-- TO DO --
From the line containing "Modern/Minimalist backyard design" through the last line of the entries below, print each line exactly. Pictures stay out.

##############################

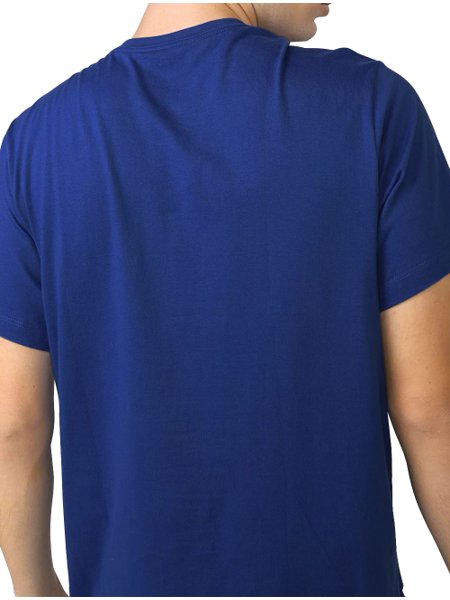 Camiseta Aeropostale Masculina Established NY Azul Mescla - GLAMI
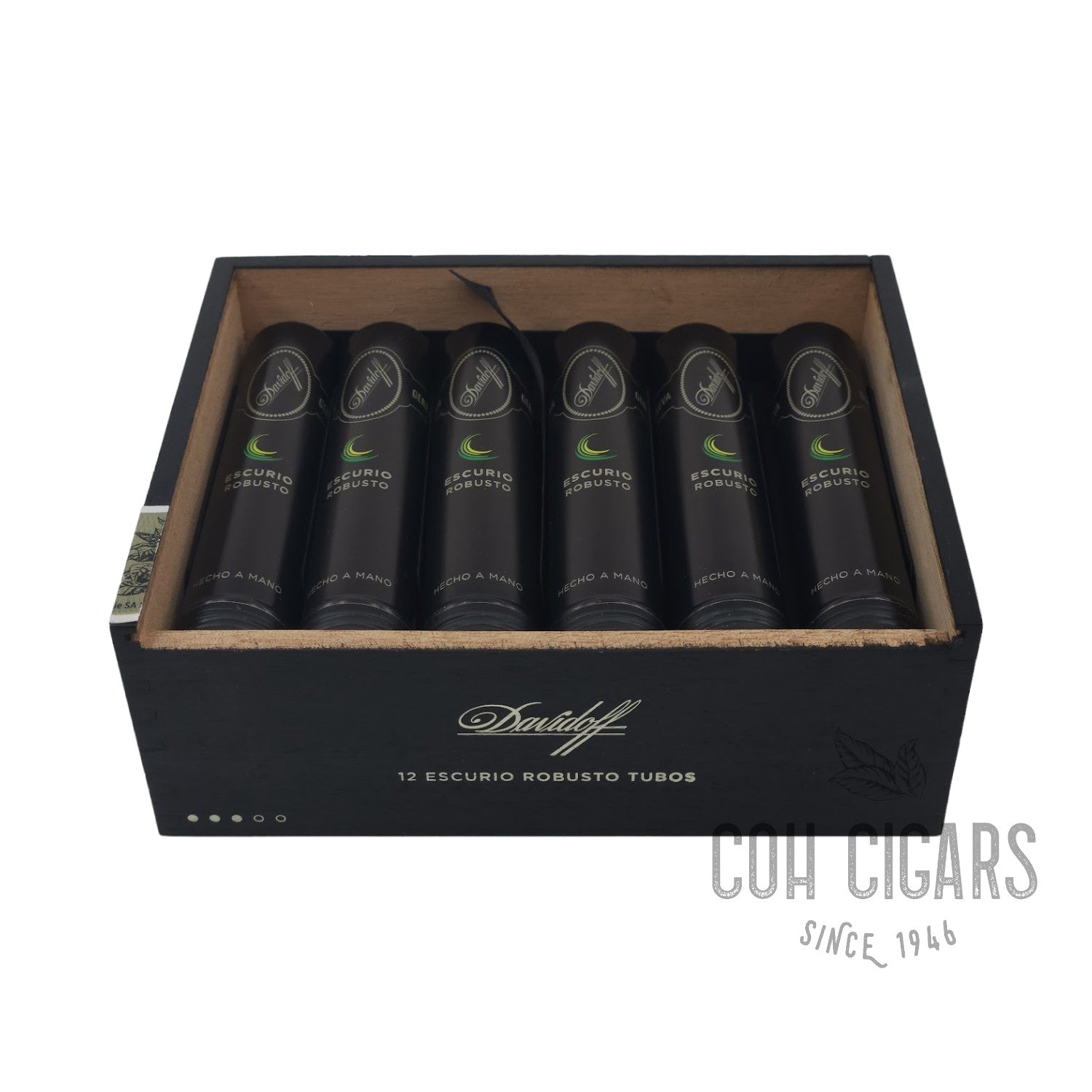 Escurio Robusto Tubos | Box 12 | Davidoff cigar - HK CohCigars -雪茄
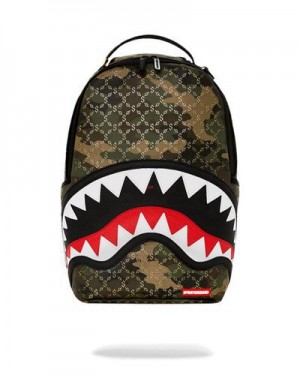 Camo Sprayground Lasers Blazin (Dlxv) Backpacks | 97413-SRCL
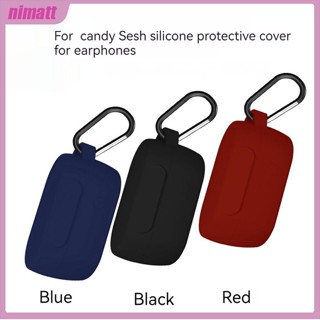 Ni เคสหูฟังบลูทูธ ซิลิโคน กันลื่น ลายกะโหลก สีแคนดี้ สําหรับ Skull Candy Sesh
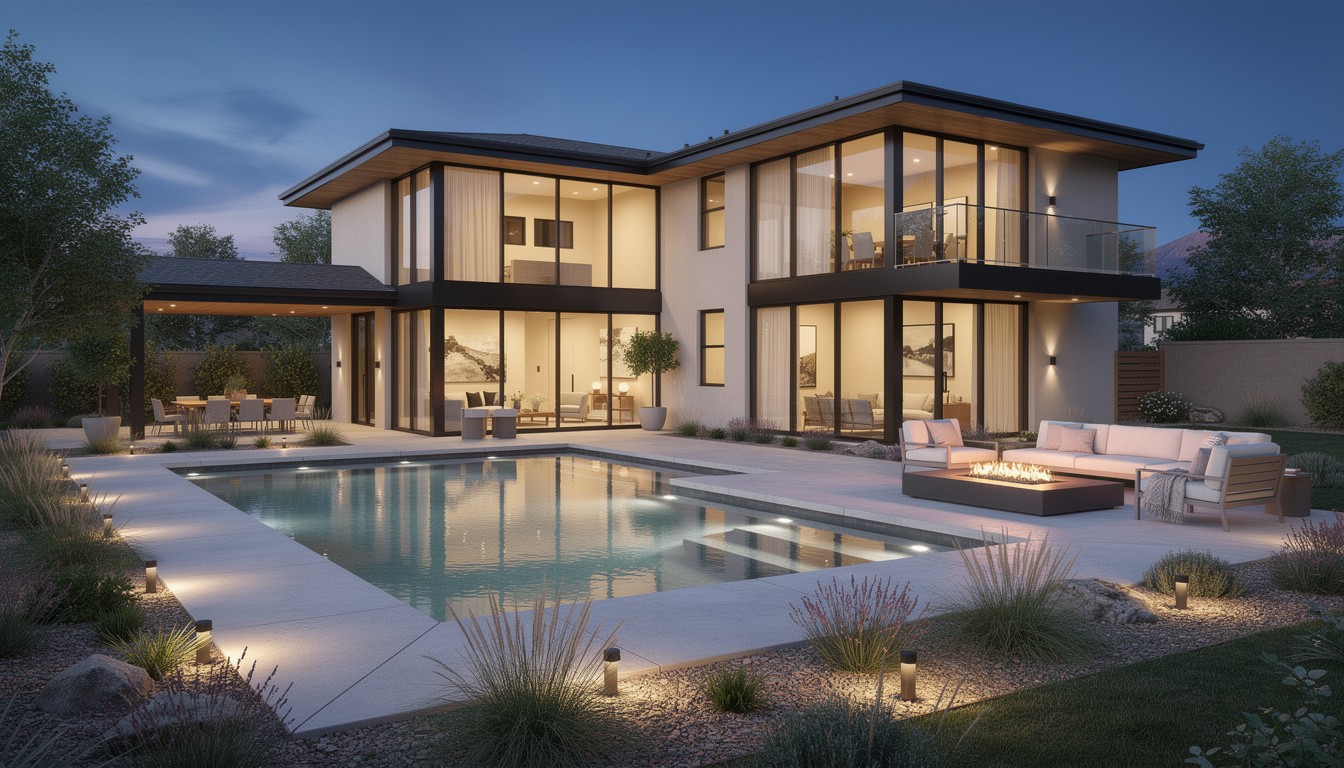 Modern/Minimalist backyard design in Denver, CO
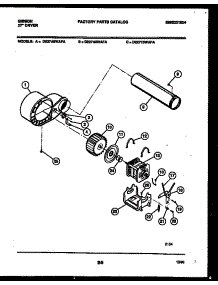 05 - Blower And Drive Parts parts for Frigidaire Dryer DE27A5WAFA from AppliancePartsPros.com
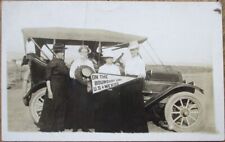 Women, Car Automobile at US Mexico Border 1915 AZO Realphoto Postcard, Rppc picture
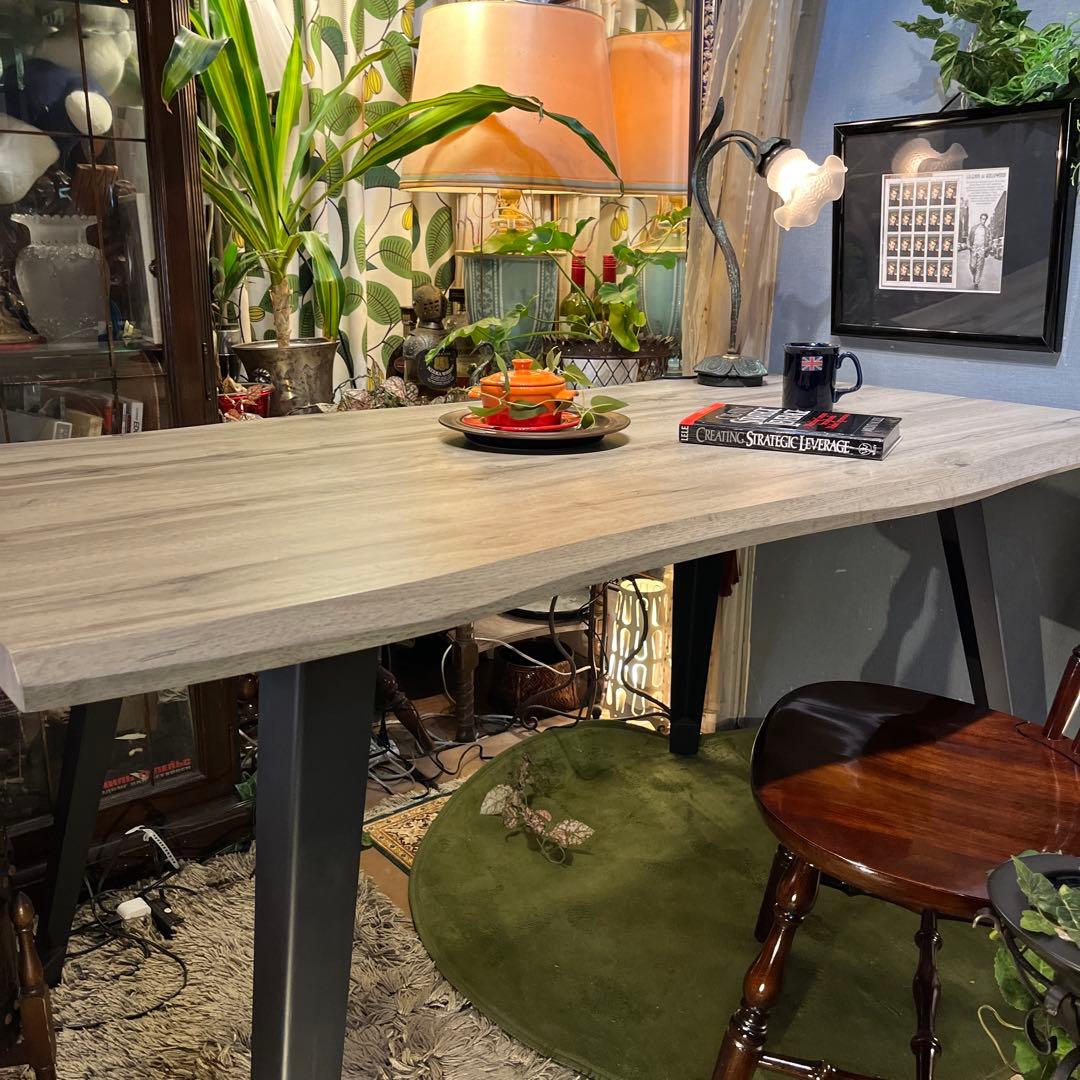 なっちゃん 　天板のみ　インダストリアル系　一枚板風　ダイニングテーブル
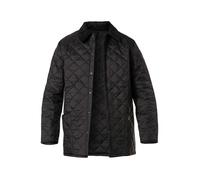 Barbour Steppjacke Herren Umlegekragen Mikrofaser schwarz, L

##############################

-- SOLUTION FOR THIS TASK --
 Modern/Minimalist backyard design in Denver, CO
 05 - Blower And Drive Parts parts for Frigidaire Dryer DE27A5WAFA from AppliancePartsPros.com
 Women, Car Automobile at US Mexico Border 1915 AZO Realphoto Postcard, Rppc picture
 なっちゃん 　天板のみ　インダストリアル系　一枚板風　ダイニングテーブル
 Barbour Steppjacke Herren Umlegekragen Mikrofaser schwarz, L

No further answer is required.